Here are highlights from the conversation, lightly edited for clarity.

The nature of loot boxes will change

“As far as loot boxes themselves go, I think we’re going to see less of them or they won’t give you some sort of competitive advantage. It’ll just be cosmetic. And then I do think that will die down. But the broader issue surrounding loot boxes also ties to this concept of game addiction. And I don’t think that’s going to go away.”

Apex Legends owes its success to Fortnite  

“What [the surprise Apex Legends launch] showed to me is that the influence streamers have on consumers is significant. But let’s also keep in mind is that Apex Legends is free-to-play, just like Fortnite. And what made Fortnite so special is the fact that it is free-to-play and very easy to learn in short sessions. So, we’ve learned a lot about gaming behavior from Fortnite.”

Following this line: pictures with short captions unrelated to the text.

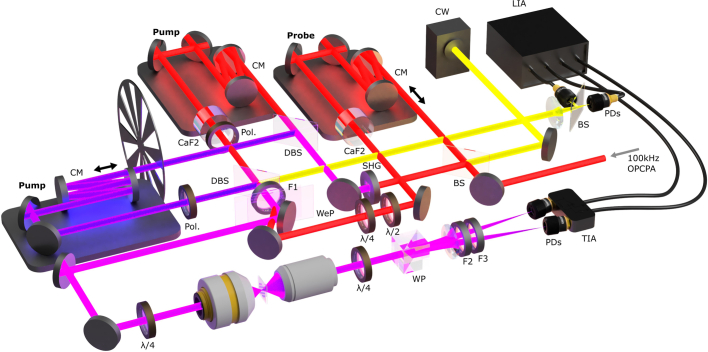 Extended Data Fig. 6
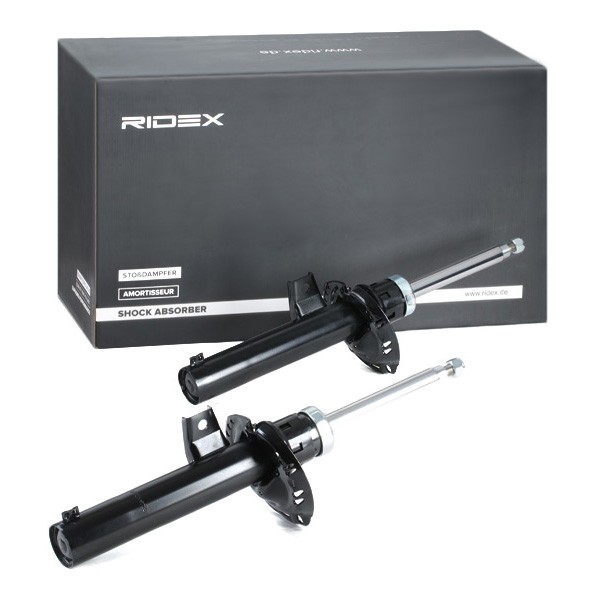 RIDEX Suspension shocks 854S2108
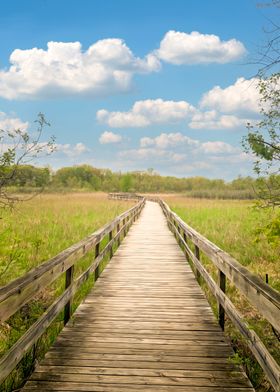 Wooden Path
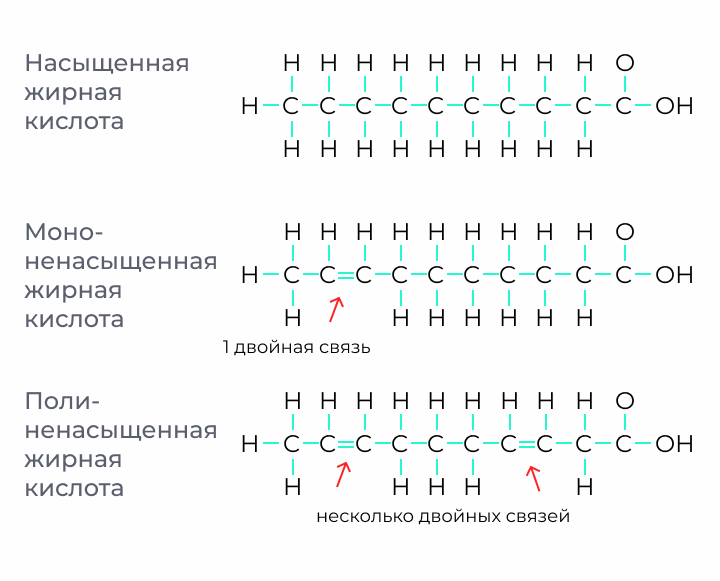 Примерная структура насыщенных, мононенасыщенных и полиненасыщенных жирных кислот и чем они отличаются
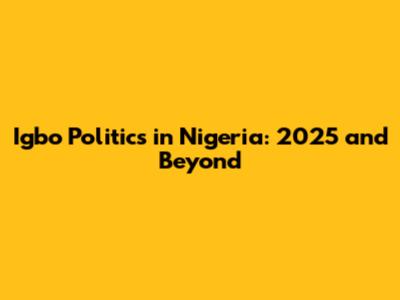 Igbo Politics in Nigeria: 2025 and Beyond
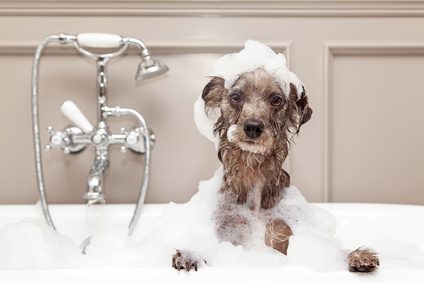 Hund in der Badewanne Hund in der Badewanne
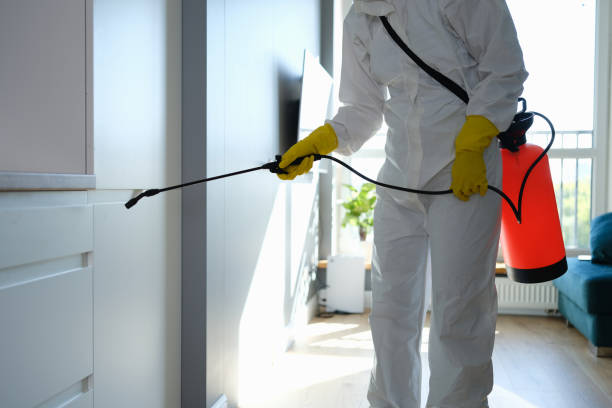 Mold Testing and Removal in Pollock Pines, CA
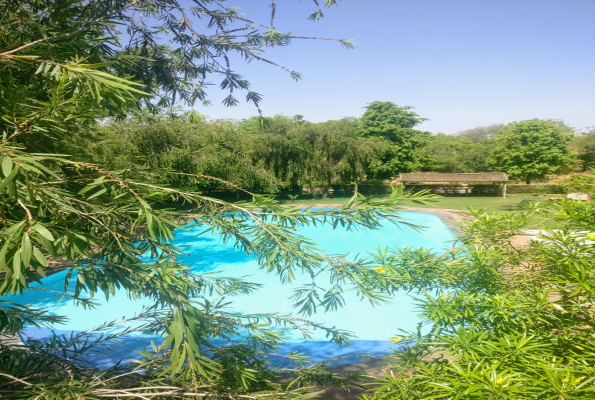 Poolside at Umaid Lake Palace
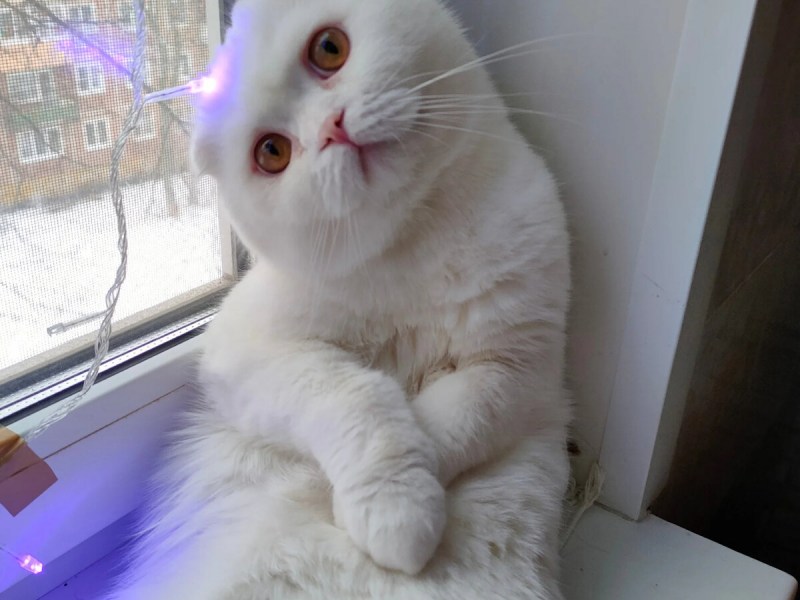 Карина Лындина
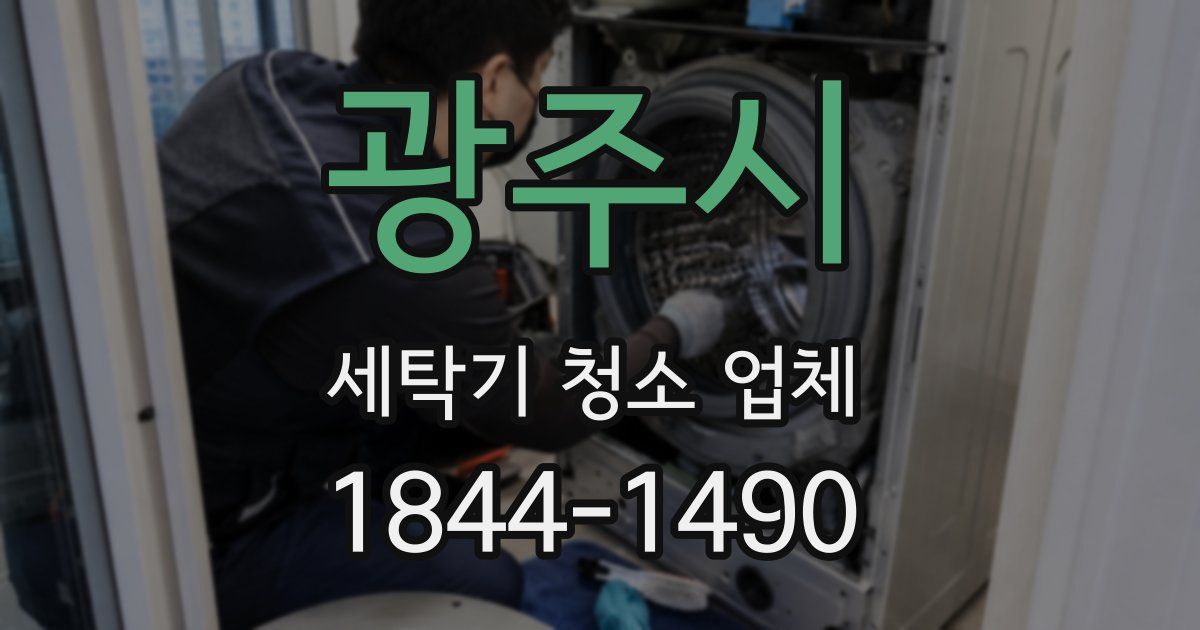 광주시 세탁기 청소 업체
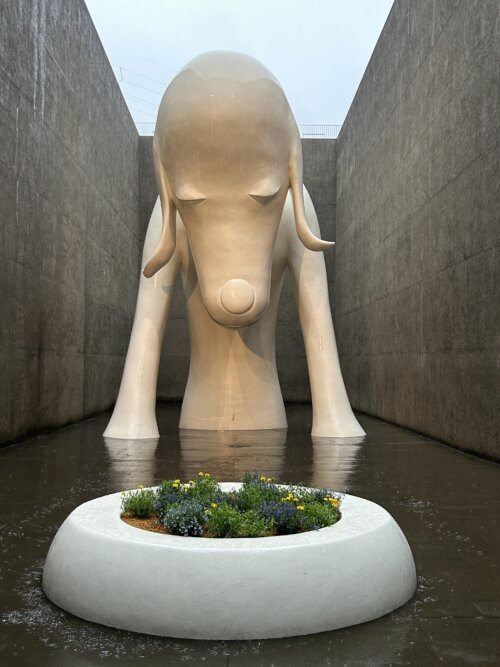 青森県立美術館のあおもり犬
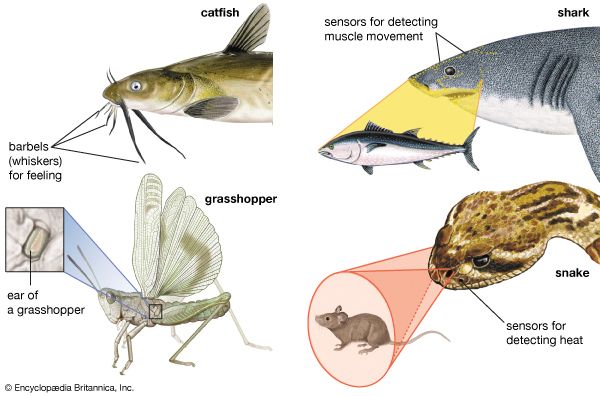 animal: sensory structures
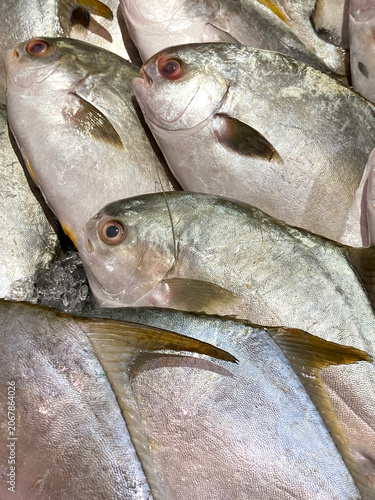 Several fresh pomfret fish were laid out on ice for sale at the seafood market.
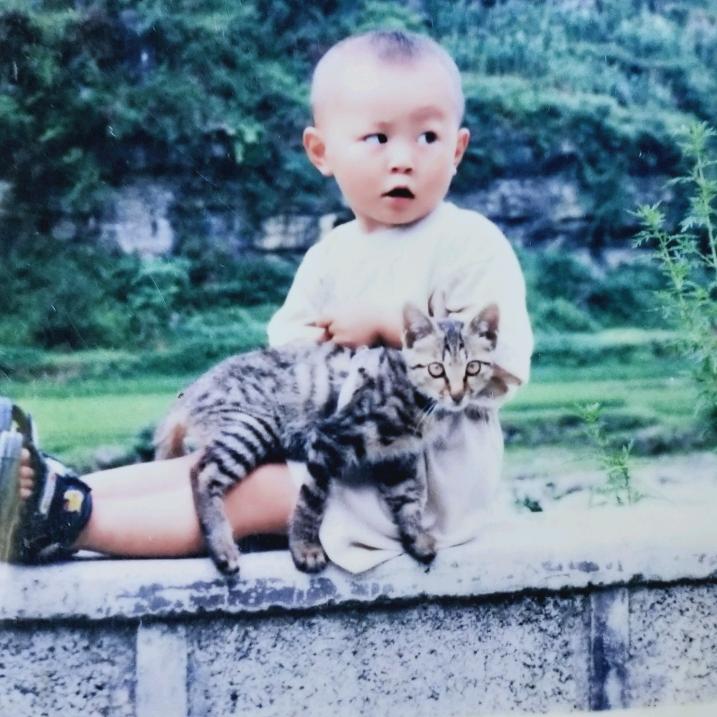 我姓陈就缺点存款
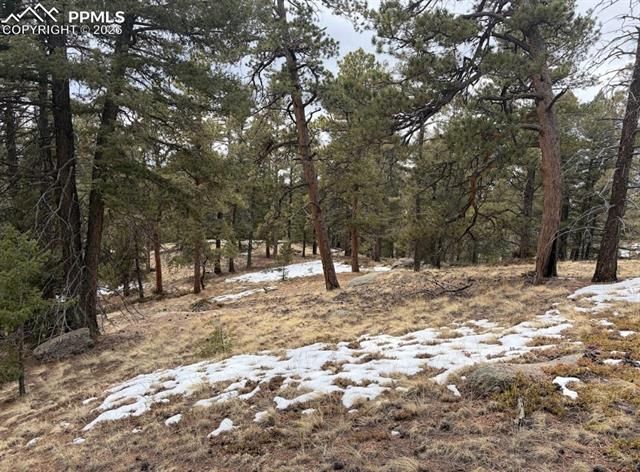 84 Point View Circle, Florissant, CO 80816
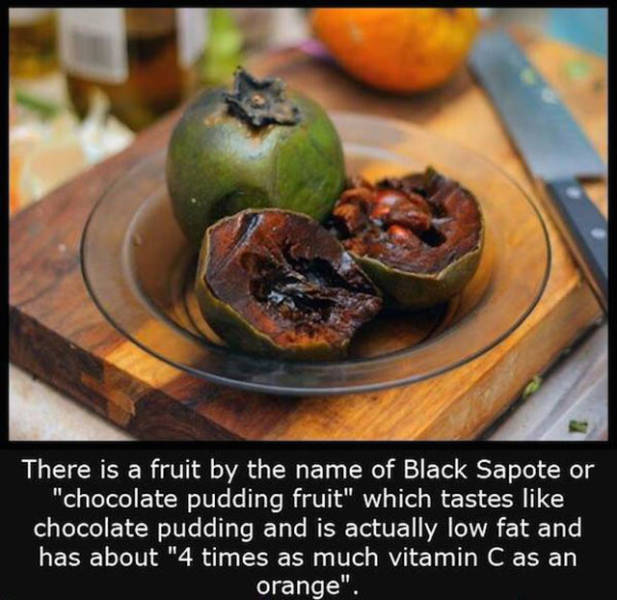 Interesting Facts about Anything and Everything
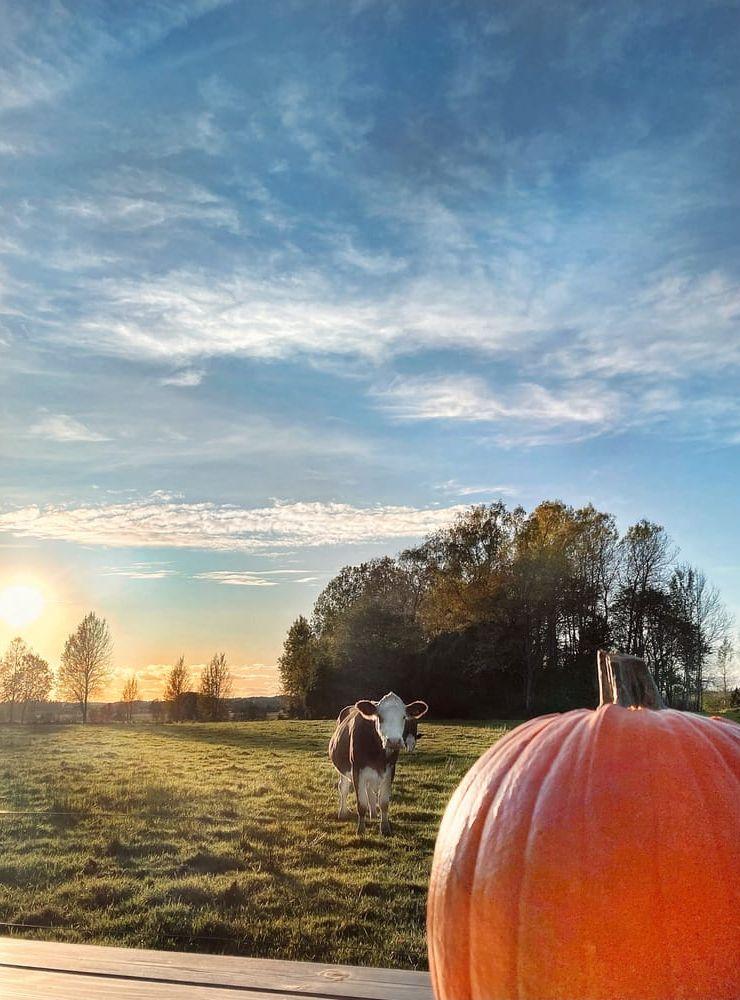 Här är min oktoberbild från Stora Mellby.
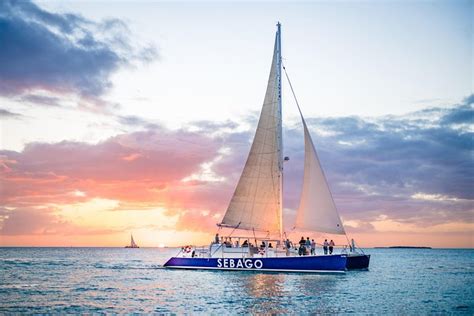 Key West Dolphin Watch Sunset Sail With Premium Wine And Tapas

Streaming games isn’t going to take off anytime soon

“It’s gonna take a while for [game] streaming to become, anywhere near mainstream. Unlike other forms of media, video games are interactive, and if you’re playing competitively, even like the slightest delay is going to be a problem. And we know that online multiplayer gaming is very popular. So in the near term, I can’t see people giving up dedicated land devices for gaming. Streaming will be more like a bonus option that you would consider for certain situations, like when you’re out of storage or when you’re traveling. I don’t think it’ll end up being the primary way people game anytime soon.”